The Living Wage for Musicians Act, created with help from the United Musicians and Allied Workers and local and national artists, aims to compensate artists and musicians at a penny per stream.

Musicians make fractions of a penny per stream. At the same time, streaming now represents 84% of recorded music industry revenue in the U.S.

Spotify, the world’s largest streaming service, pays rights-holders an average per stream royalty of $0.003, which means it takes artists more than 800,000 monthly streams to equal a full-time $15 per hour job.

“Detroit is one of the music capitals of the world, and our artists here have changed the music industry and our culture in so many incredible ways,” Tlaib said in a statement. “It’s only right that the people who create the music we love get their fair share, so that they can thrive, not just survive.”

The lawmakers say streaming services undercompensate artists while digital service providers such as Spotify, Apple Music and Amazon, and record labels like Universal, Warner and Sony, make more profits than the people who create the music.

The Center Square was unsuccessful by time of publication getting comment from Sony Music and Spotify.

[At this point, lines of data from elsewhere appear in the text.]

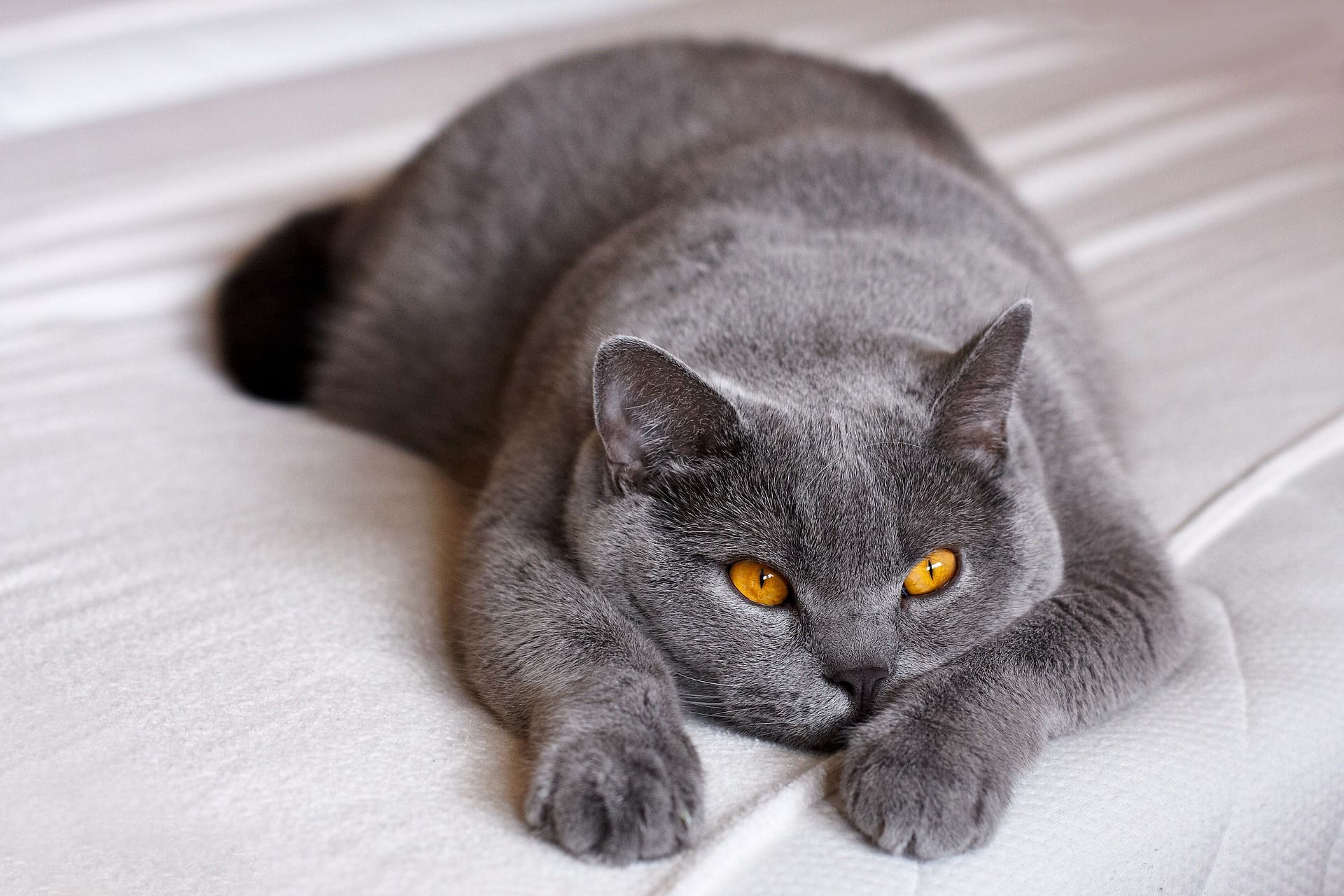 Шотландских и британских кошек чаще всего записывали к ветеринару в Москве
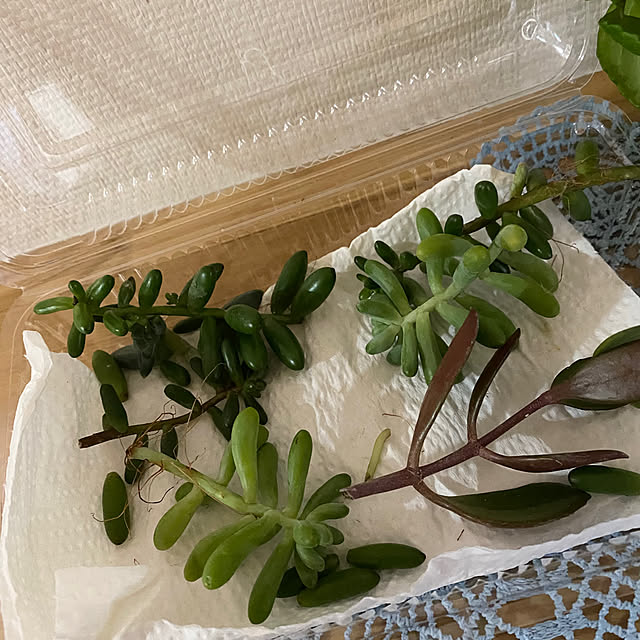 YuuKoさんの部屋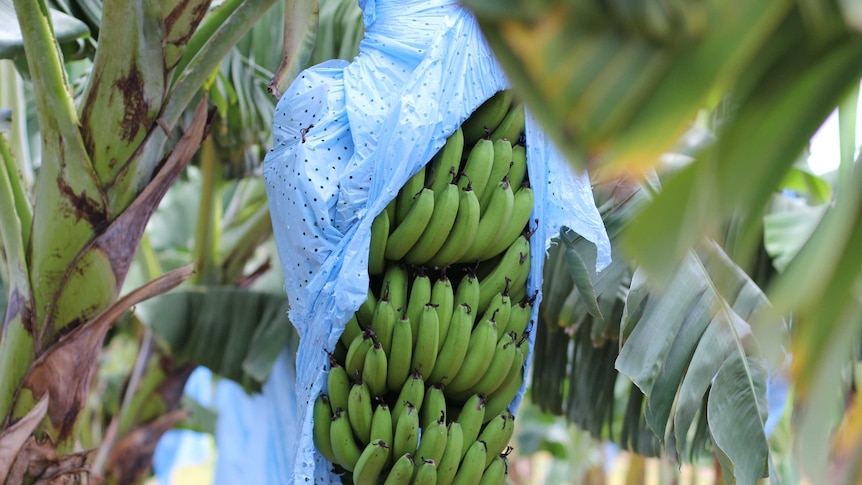 a bunch of bananas covered by a blue bag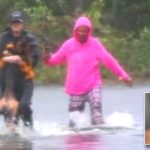 Reporter Stops Broadcast To Save Dog From Floodwater During Hurricane Florence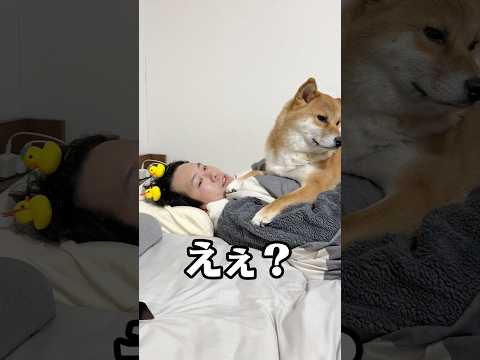 柴猫www 柴犬  shorts サムネイル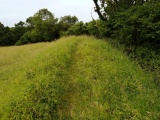 Dundon Hill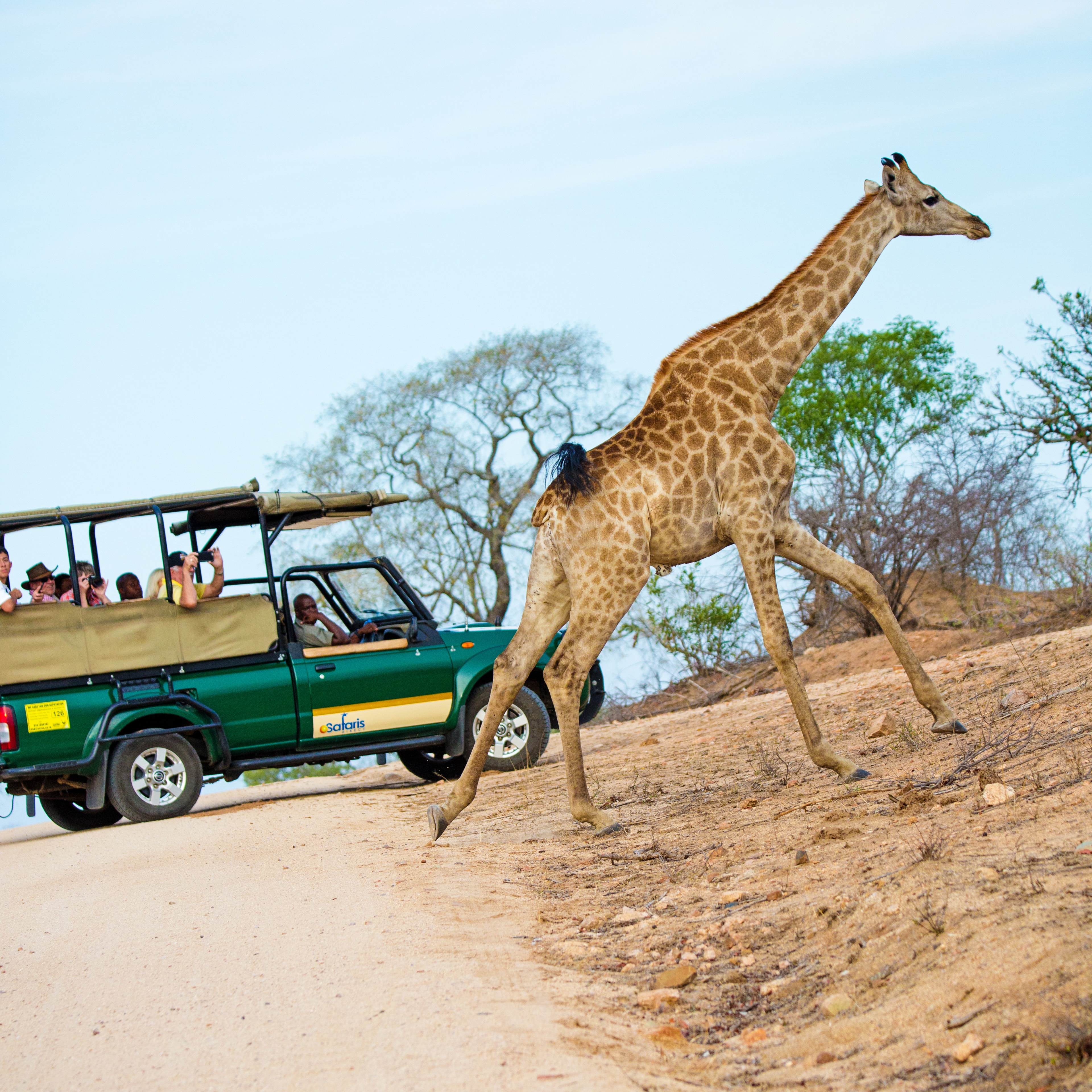 safari
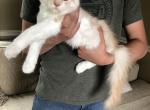 Link - Maine Coon Kitten For Sale - Hutchinson, MN, US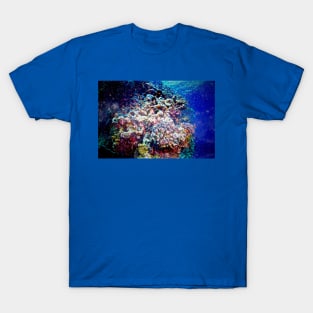 OTHERWORLDS T-Shirt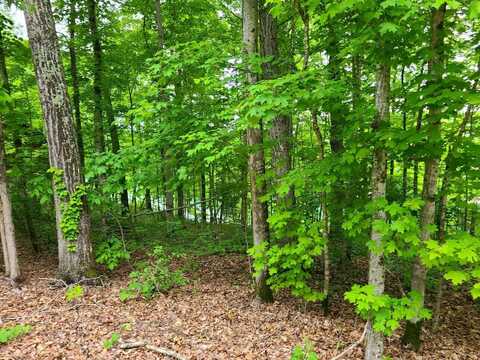 Lot #34 Lakeview Drive, Burnside, KY 41519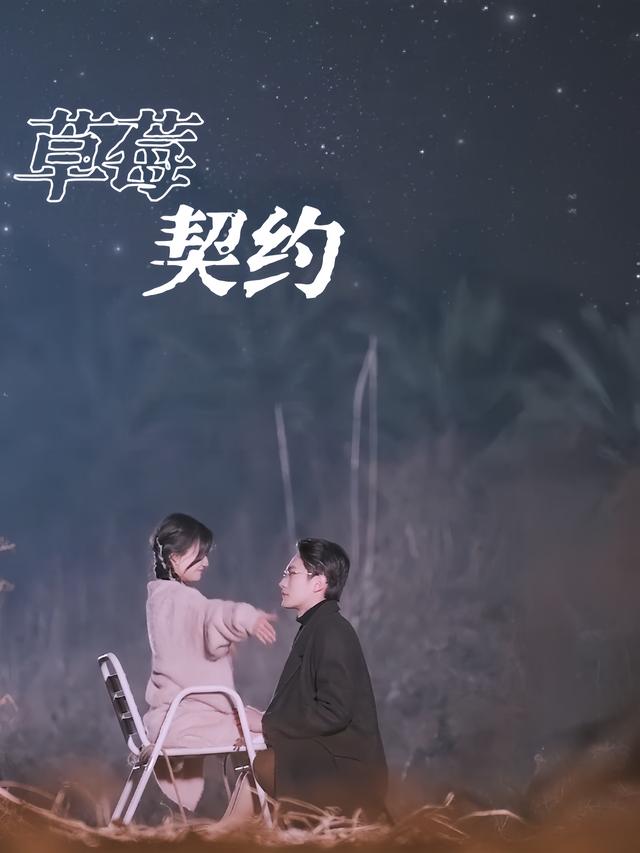 草莓契约封面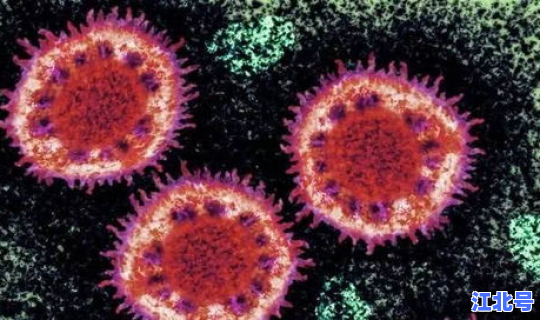 最新疫情最新病毒，最新肺炎病毒感染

The bill would tax providers’ non-subscription revenues and add a fee to the price of music streaming subscriptions. The goal is for digital service providers to place tax revenues and royalties in a nonprofit collection and distribution fund that would pay artists in proportion to their monthly streams.

“It is unconscionable that in order to buy a cup of coffee, an artist needs someone to stream their song over a thousand times,” Bowman said in a statement. “Artists and musicians across the country deserve to be paid for their work. I represent the Bronx, the birthplace of Hip Hop, where music is the foundation of our communities. They all deserve to be paid fairly for their incredible and transformative art.”

The bill includes a maximum payout per track, per month, to generate more sustainable income for more artists beyond the world’s most popular performers.